Product and engineering work across mobile, AI, and full-stack systems.

Project

ChatSprout 2.0 — LLM-Powered Scenario-Based English Communication Coach

Product Owner & Solo Developer · Nov 2025 - Mar 2026

  • Conducted 10+ user interviews and identified the core pain point: non-native newcomers struggle not with grammar, but with context-specific expression in high-stakes scenarios (networking, disagreeing, giving feedback).
  • Designed a scenario-based training system using LLM + RAG — built a scenario taxonomy from user research, with a low-similarity fallback mechanism to handle edge cases and maintain user trust.
  • Optimized the retrieval pipeline to achieve ~80% Top-3 scenario match accuracy; established an evaluation framework (expression accuracy, tone, latency, token cost) and controlled the response time in 1.5–2s.
  • Key insight: In open-ended language training, retrieval quality drives generation quality more than model scale.
Project

ML Training Data Generation Pipeline (Android Malware Detection)
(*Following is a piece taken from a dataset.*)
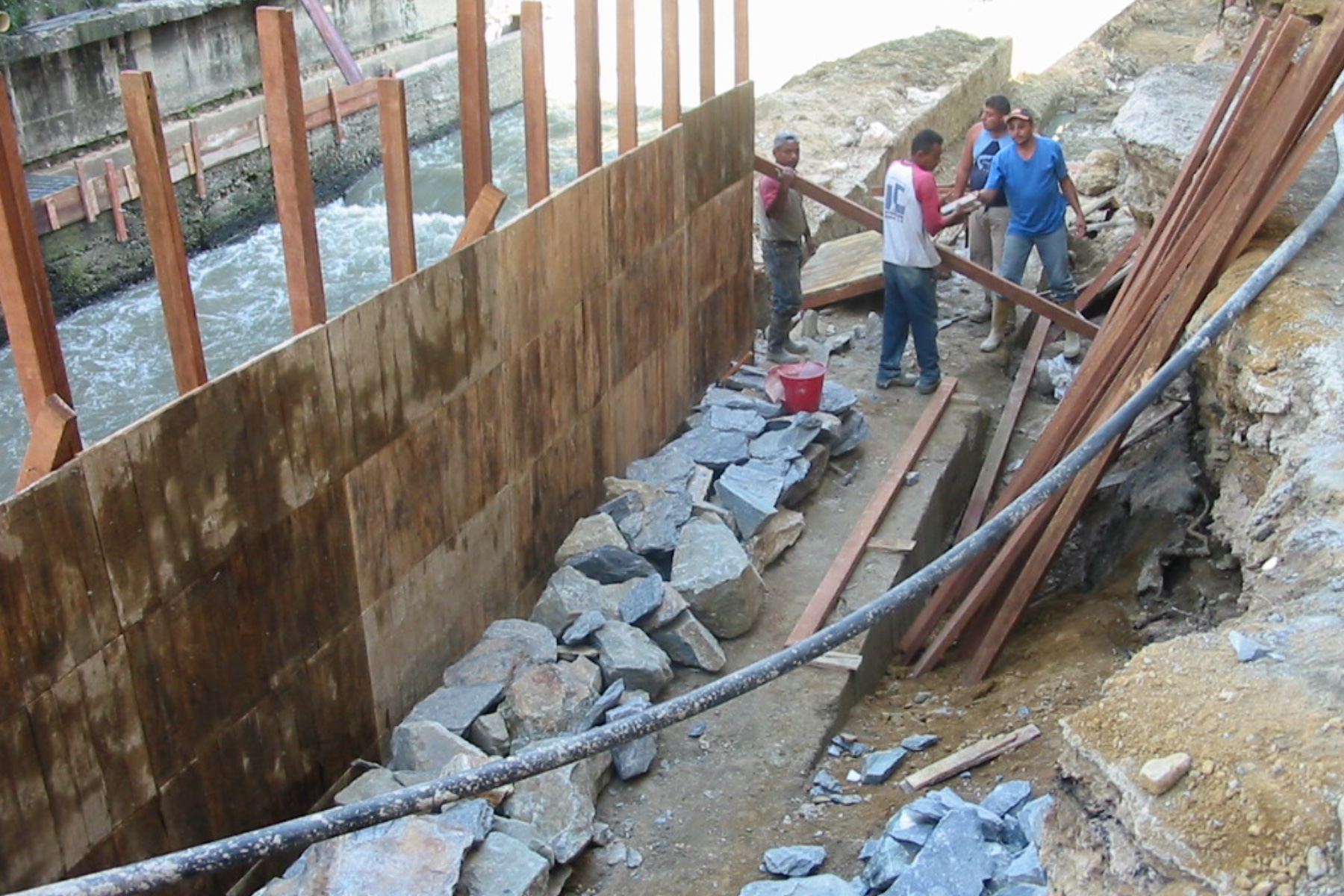￼Reconstrucción con muros ciclópeos de los canales márginales de La Quebrada Caroata. Sector Quinta Crespo, Distrito Capital. Venezuela. 2004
System Design · 2025.09 – 2025.12

  • Framed the core problem: security researchers don't just need “a dataset”, they need a reproducible, extensible capability to continuously generate high-quality training data, enabling iterative model improvement.
  • Redesigned one-off data processing scripts into a reusable data generation pipeline supporting the full train to evaluate loop for malware detection models.
  • Designed for diversity (17+ obfuscation strategies), controllability (dual-pipeline architecture with stage-level monitoring), and reliability (retry + fallback mechanisms, 82% success rate at scale).
  • Processed 12,000+ Android malware samples and generated 7,900+ obfuscated variants; the system was reused by subsequent research teams, significantly reducing data preparation cycles.
Project

Community Assistant

React, Node.js, PostgreSQL, Redis, Docker, AWS

  • Built a containerized full-stack platform for community request and volunteer appointment management with JWT authentication and 18+ RESTful API endpoints.
  • Implemented a Redis caching layer with 60s TTL and write-through invalidation to reduce redundant database queries and expose real-time cache metrics.
  • Dockerized services with Docker Compose, deployed to AWS EC2, and automated testing and deployment with GitHub Actions CI/CD.